Now my dear friends there is nothing personal in this story – nothing that is applicable to you – for you have never said to us in regard to taking hold of work.  Yes!  Darling we will, if you’ll first venture in.   We all know how energetic you men of Yolo County are, and how anxious you are that our county shall be well governed.

How glad you are to give due praise to women today, we who are proud to stand beside you and tell of the grand women of the past. Tis like stirring living embers when one calls to mind “all the achings and the quakings of the times that tried men’s souls.”

(Her speech continues with descriptions of women’s roles in the major events of America’s history.  The complete speech is on my website:  Emily’s Speech).
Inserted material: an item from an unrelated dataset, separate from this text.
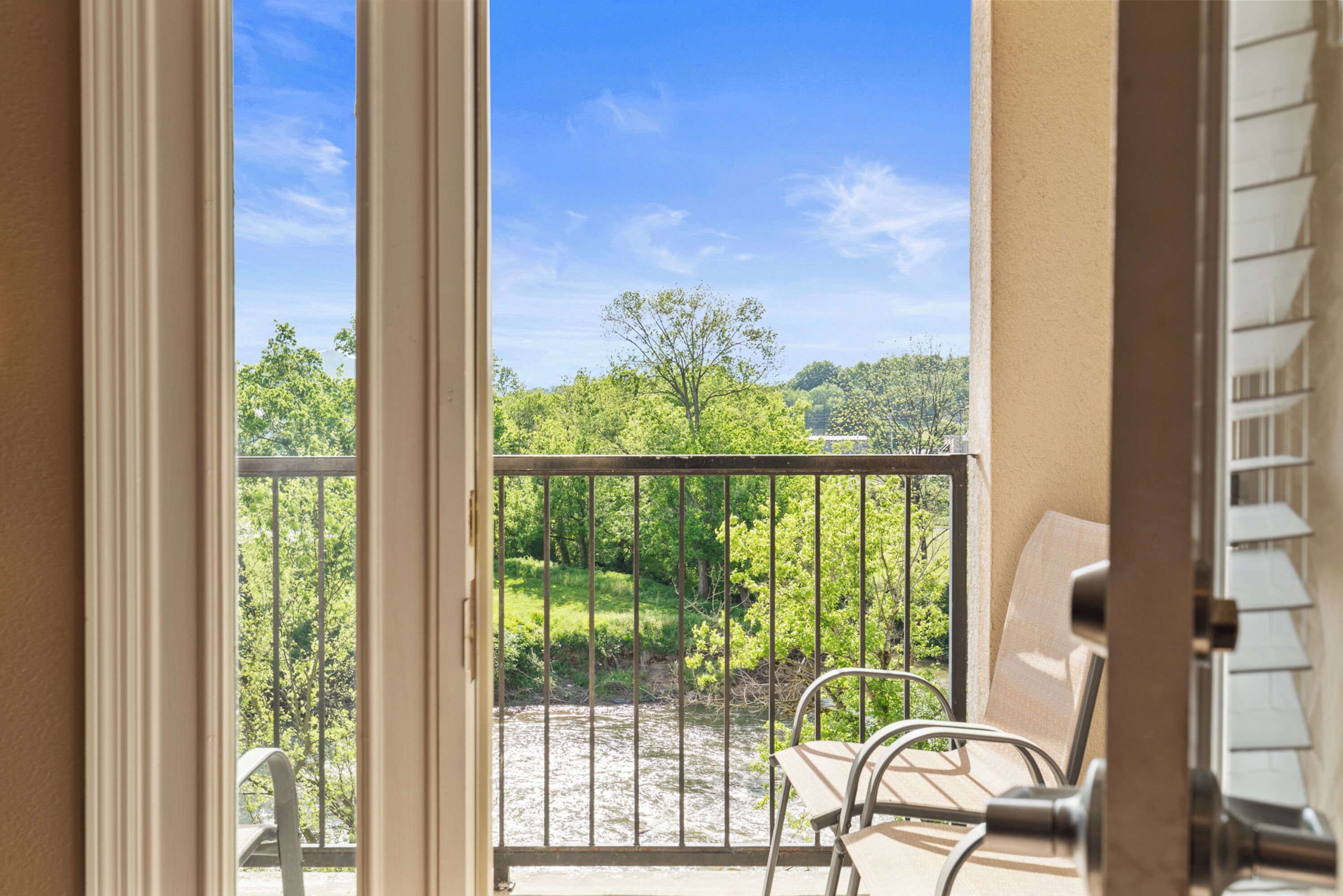 A balcony with a view of a river and greenery.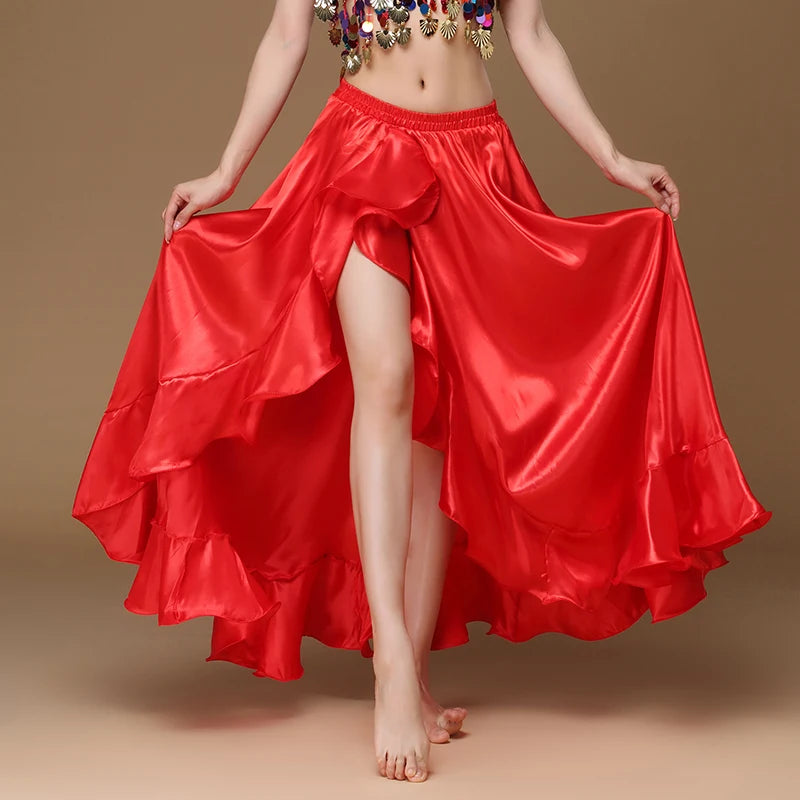 Woman modeling a flowing red satin ruffle dance skirt with high slit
We who live in these days of railroads and telegraphs and books cannot realize the lonely days and nights of these women.

Speak of (women’s) brave words, their true hearts, their noble deeds.  Tell of their purity, their faith, their heroism, and let this fourth of July celebrate their deeds, as well as he deeds of our forefathers – and if between the living and the dead, is stretched, as some believe, a spirit wire, let it signal to them the words we speak today, and may their spirits – our guardian angels watch o’er our  country and may the God of our fore fathers and mothers, who through the gloom and night has guided our people.